[Corpora-List] SemEval discussion at NAACL 2019

Valerio Basile basile at di.unito.it
Wed Jun 19 13:46:11 CEST 2019

Hi all,

thank you Ted for bringing up this discussion, to which I also participated in person at SemEval, as one of the task organizers (Task 5). I personally support the idea of a stronger emphasis on the report and the analysis, rather than on the leaderboard. A "best analysis" award, or giving the oral slot to the best described system, or even keeping in the leaderboard only the teams who submitted a report, are all good ideas in this direction.

I would also like to point at an alternative approach, that is, making the tasks *harder*, to encourage the participation of who intends to study semantic phenomena, rather than obtaining a high score only. Here by harder I mean *formally* harder, in terms of structure, while not necessarily as in "AI-hard". From the organization of Task 5 (approx. 70 participating teams), and the results presented for other, more popular tasks, I got the impression that if you throw a text classification-like task at the crowd, the crowd will throw the latest neural network at it, very often with minimal (if any) study of the problem the task aims at modeling, neither before (motivation to use a specific model for a specific phenomenon) nor after (why the model performed how it did). As a result, at the end of a task like that, we have learned several new acronyms, but nothing on the actual problem, whether be it hate speech, offensive language, sentiment, or whatever else. Nothing wrong with neural networks of course, these and related supervised learning paradigms are central to NLP, but perhaps this kind of benchmarking of neural models on datasets is not completely in line with the overall goal of SemEval?
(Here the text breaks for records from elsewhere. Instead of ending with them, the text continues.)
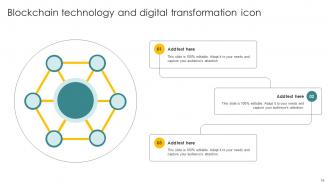 Blockchain Digital Transformation Powerpoint Ppt Template Bundles Compatible Best
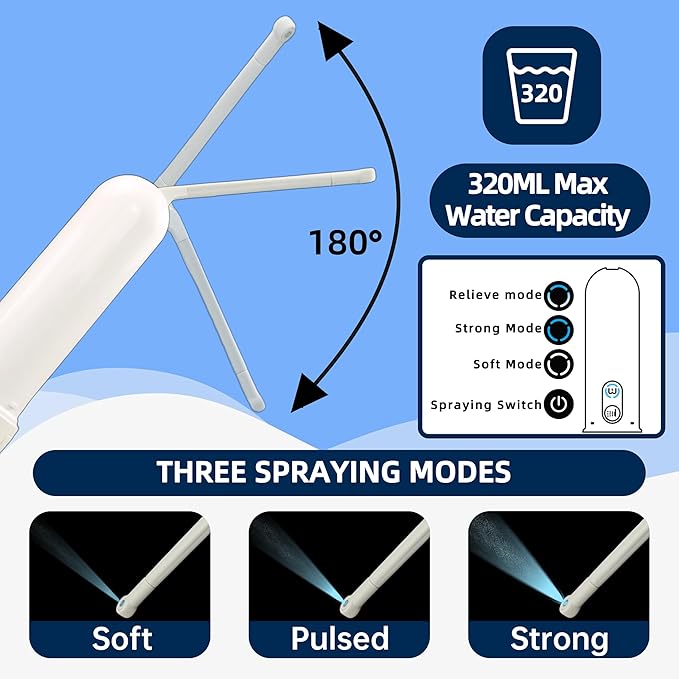 Portable Bidet for Travel & Postpartum Care - 320ML Handheld Peri Bottle with 3 Pressure Settings & 800mAh Battery, IPX6 Waterproof for Women Hygiene and Outdoor Use
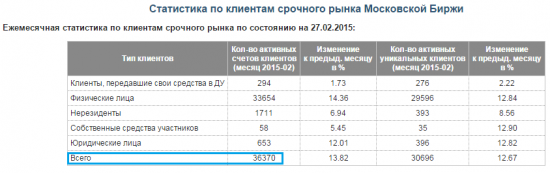 0,81% населения России торгует на фондовом рынке.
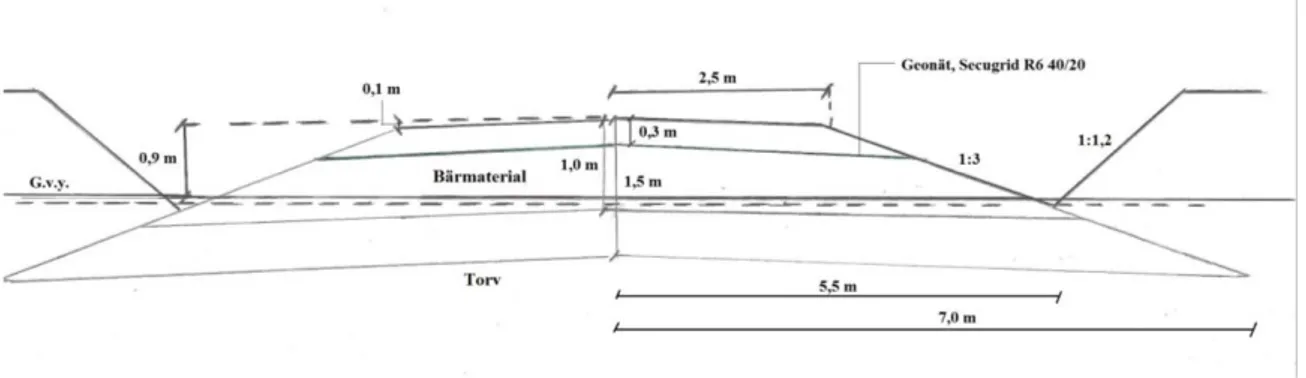 Figur 3.1: Lösning med hyvling och installering av geonät. Överbyggnad: 1,0-1,5 m.   (Egen bild) 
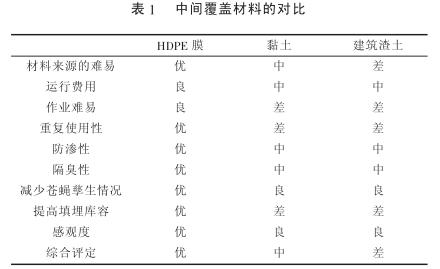 HDPE防滲膜作為填埋場覆蓋材料方案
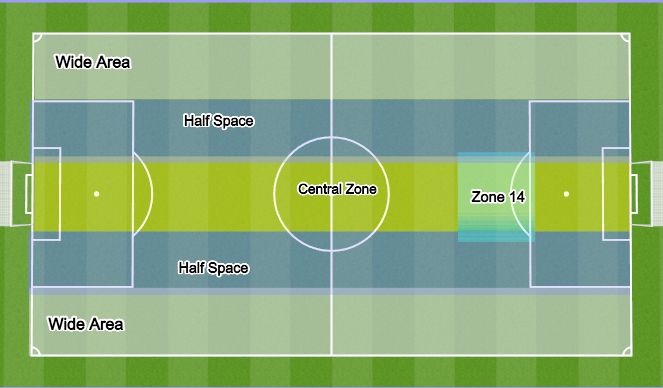 Football/Soccer Session Plan Drill (Colour): 5 Zones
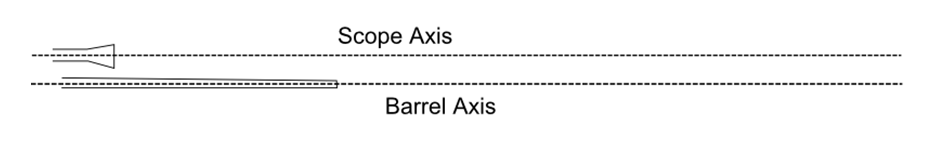 Zero-elevation scope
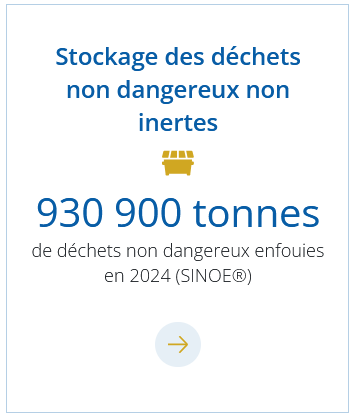 stockage 2024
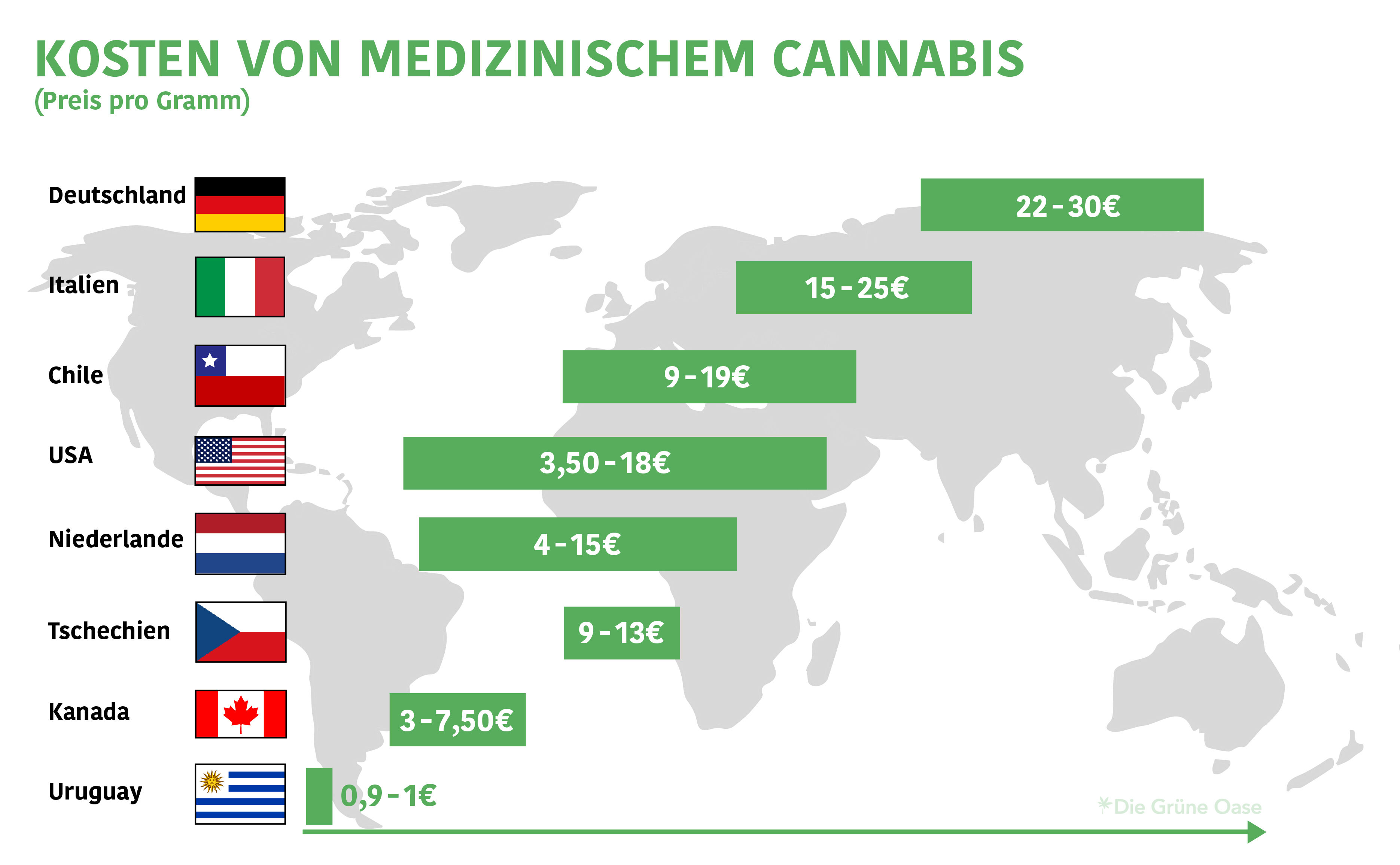 Preis von Cannabis pro Gramm international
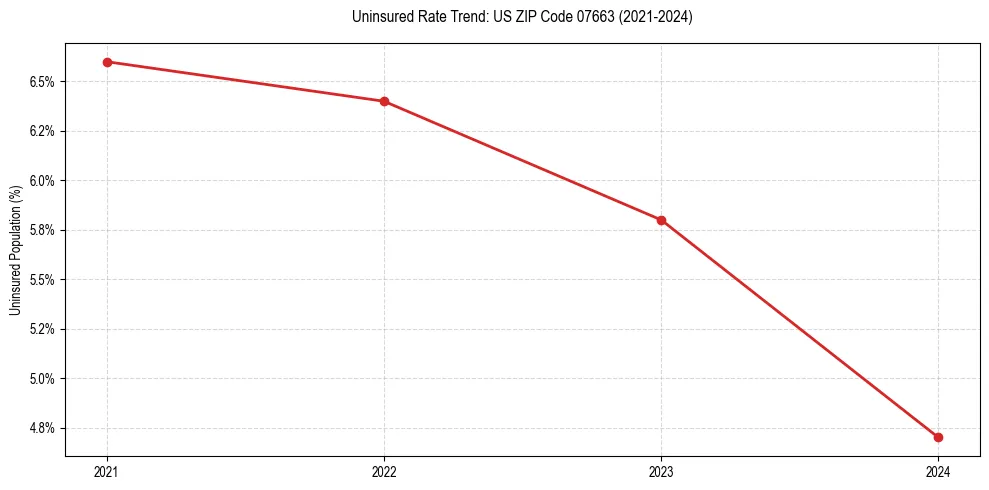 Uninsured trend chart for US ZIP Code 07663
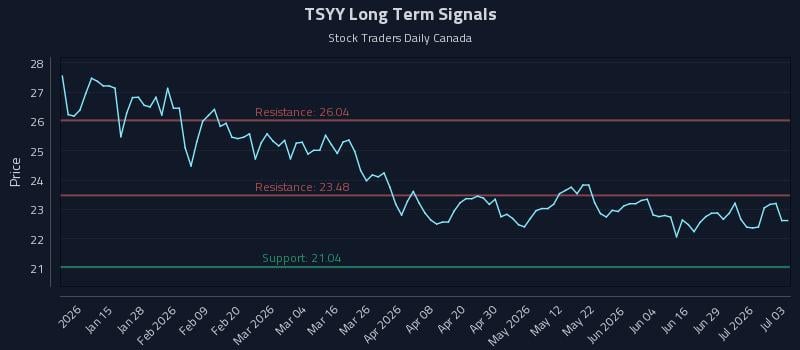 TSYY Long Term Analysis for July 4 2026 TSYY Long Term Analysis for July 4 2026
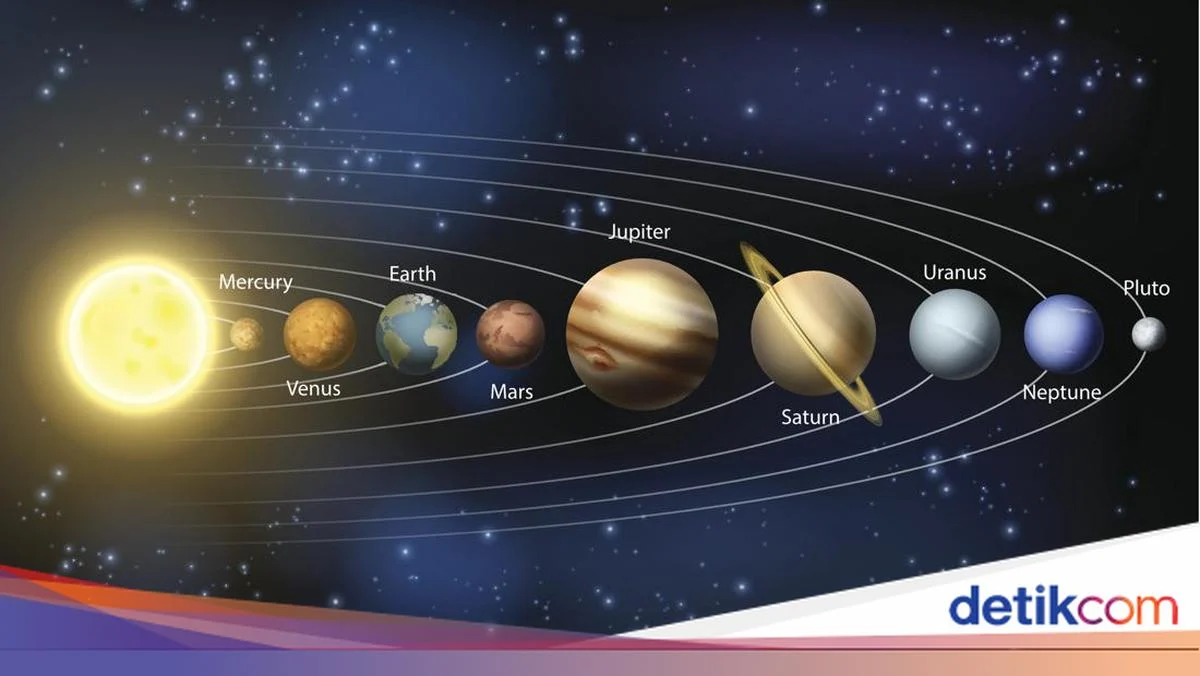 New Horizons NASA Bangkit dari Hibernasi, Siap Kirim Data dari Ujung Tata Surya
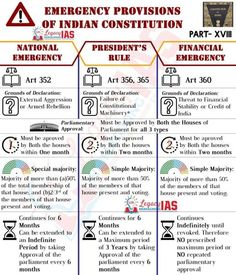 an info sheet for emergency provisions in india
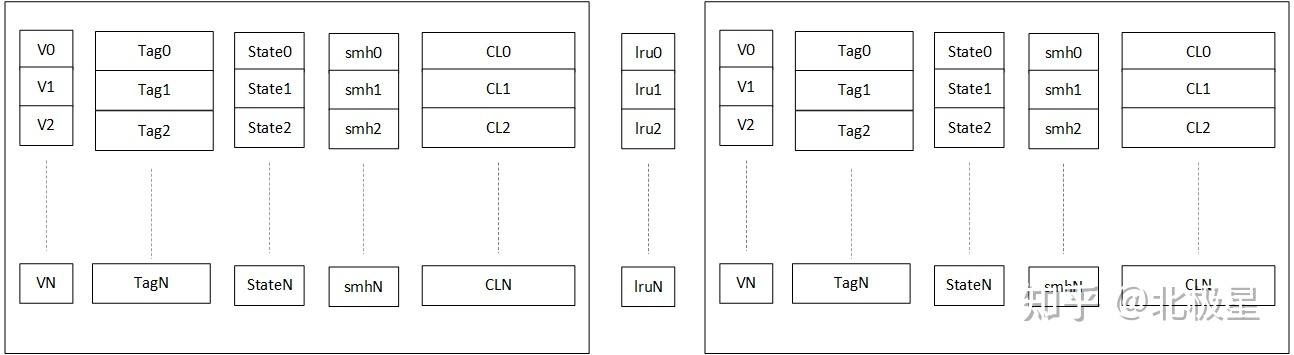Directory-based L2 cache一致性协议分析设计 - 知乎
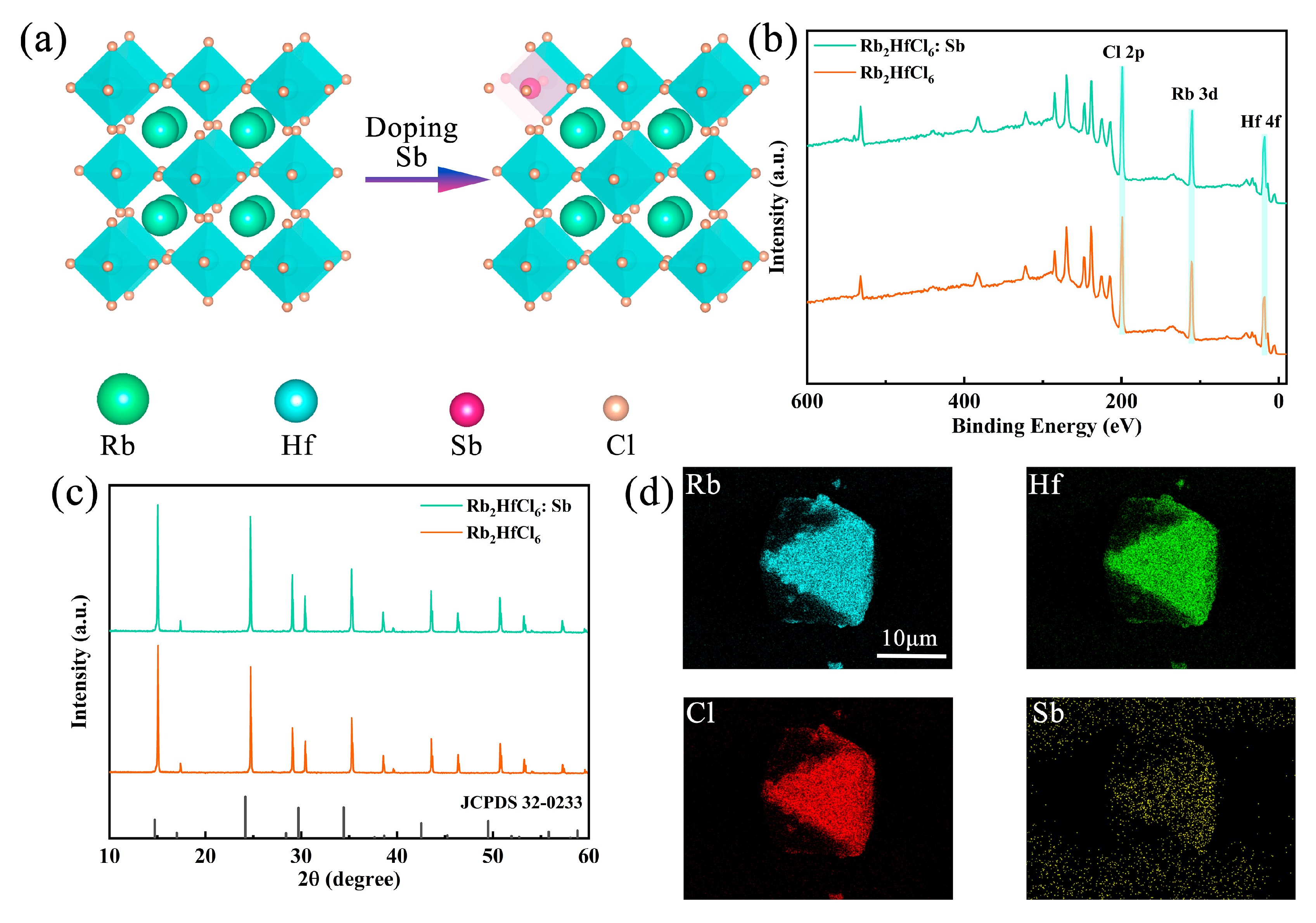 Materials 18 01896 g001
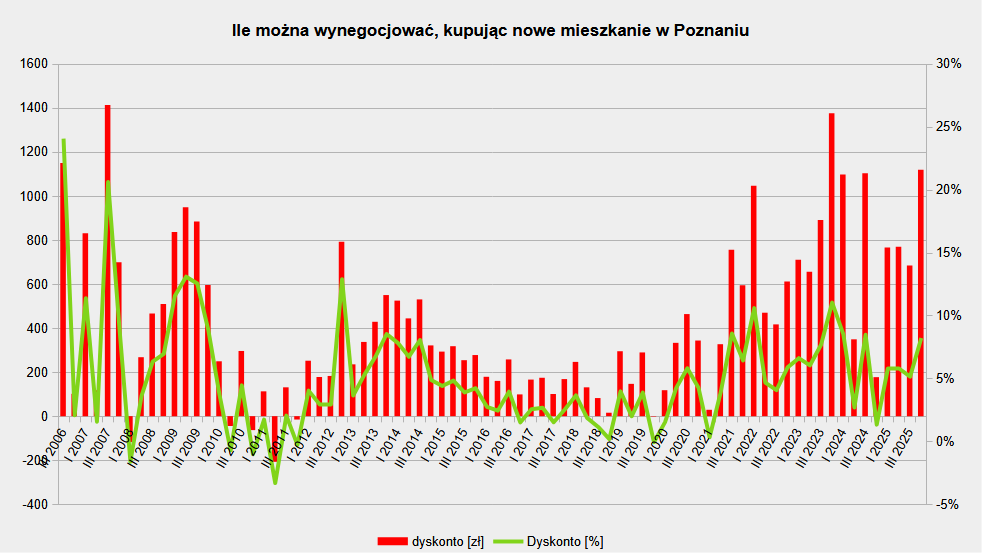 Możliwości negocjacyjne kupujących mieszkania od dewelopera w Poznaniu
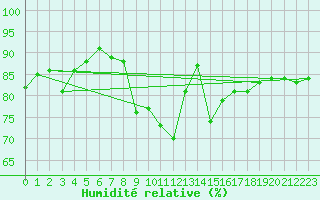Courbe de l'humidit relative pour Oak Park, Carlow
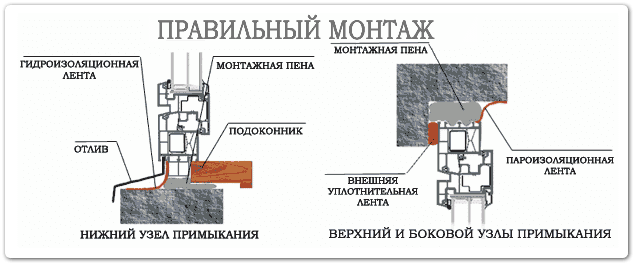 Основные критерии выбора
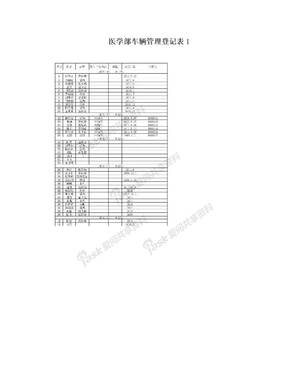 医学部车辆管理登记表1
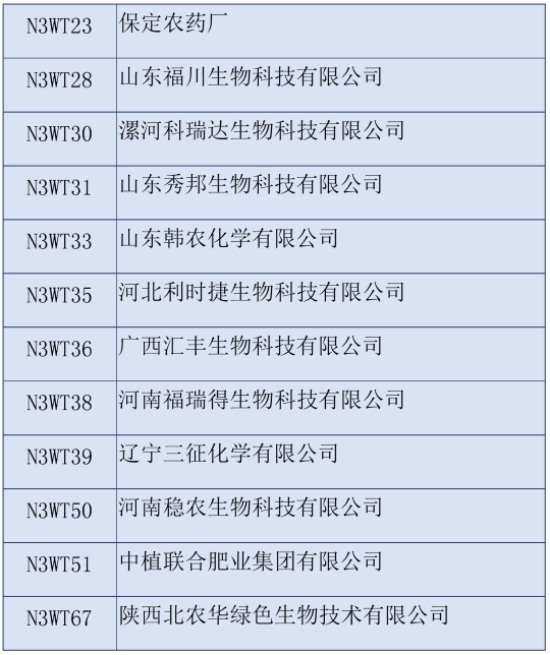 2020第三十六屆全國(guó)植保雙交會(huì)參展企業(yè)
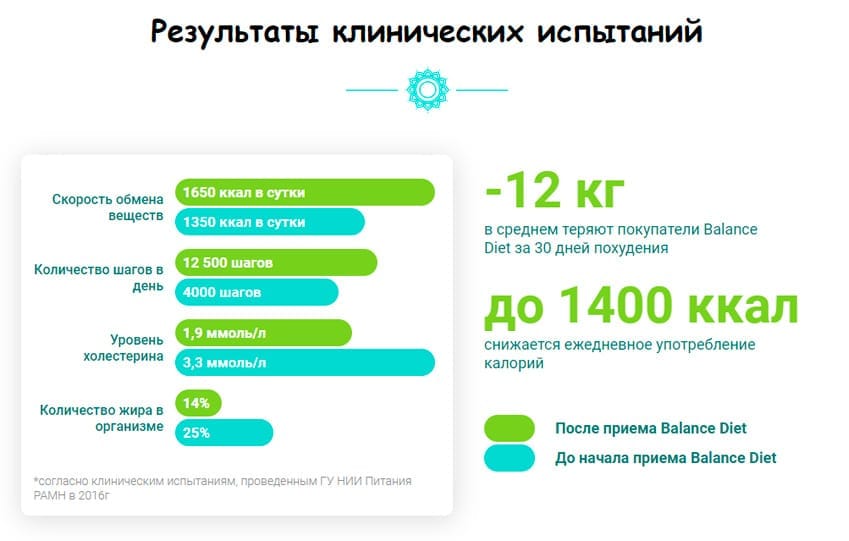 Баланс Диет коктейль для похудения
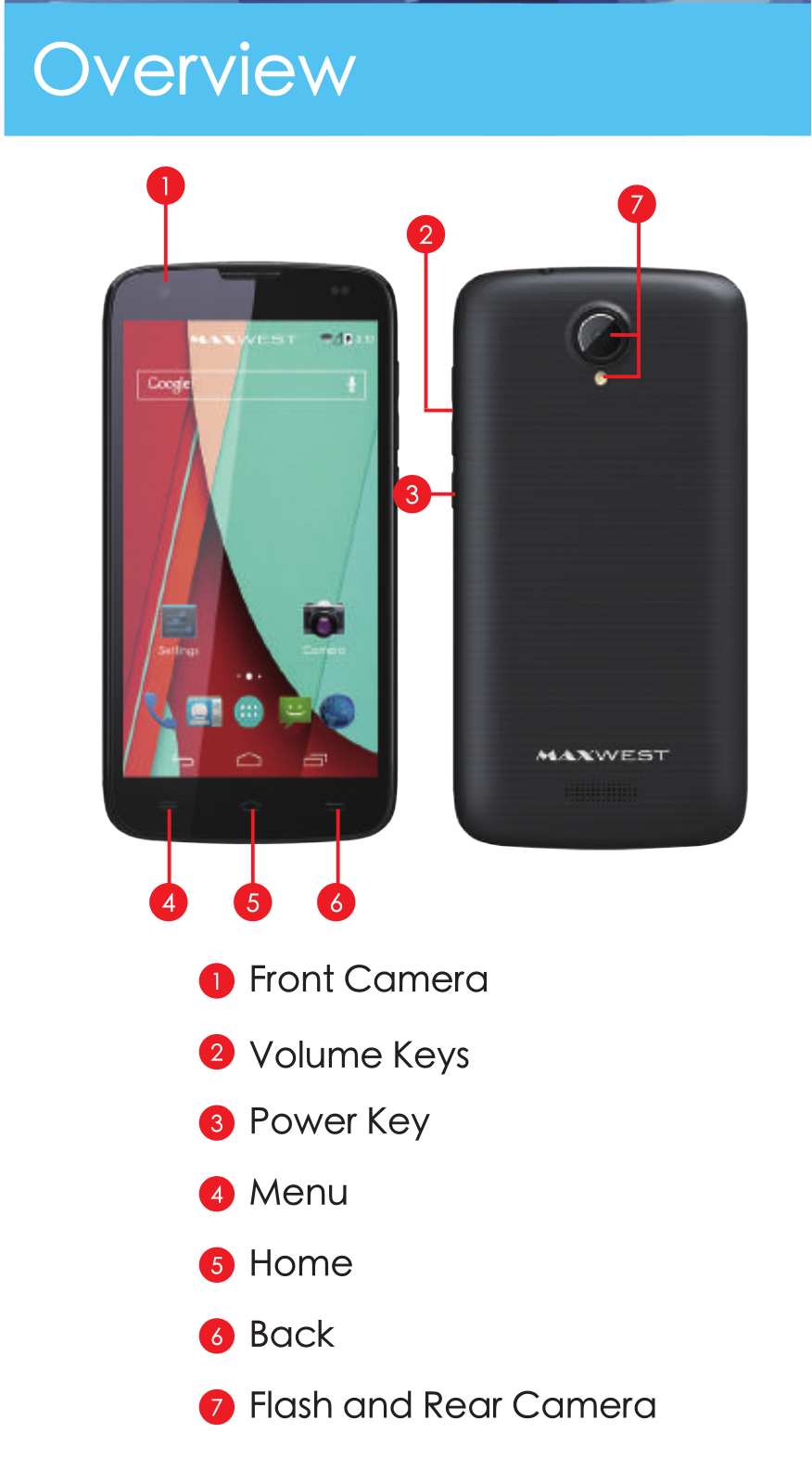 MAXWEST ASTROX5 Users Manual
In hindsight, in Task 5 (hate speech detection), I would have liked to ask the systems to predict e.g., "why this message can be considered hateful", "what is the target of hate", or "what hate speech law does this message violate", rather than "HS/not-HS". Understandably, casting tasks as more complex than tweet-level text classification makes them harder to organize them, and probably would lead to far less submissions, so my proposal could be a bit extreme. Maybe the right solution is somewhere in the middle.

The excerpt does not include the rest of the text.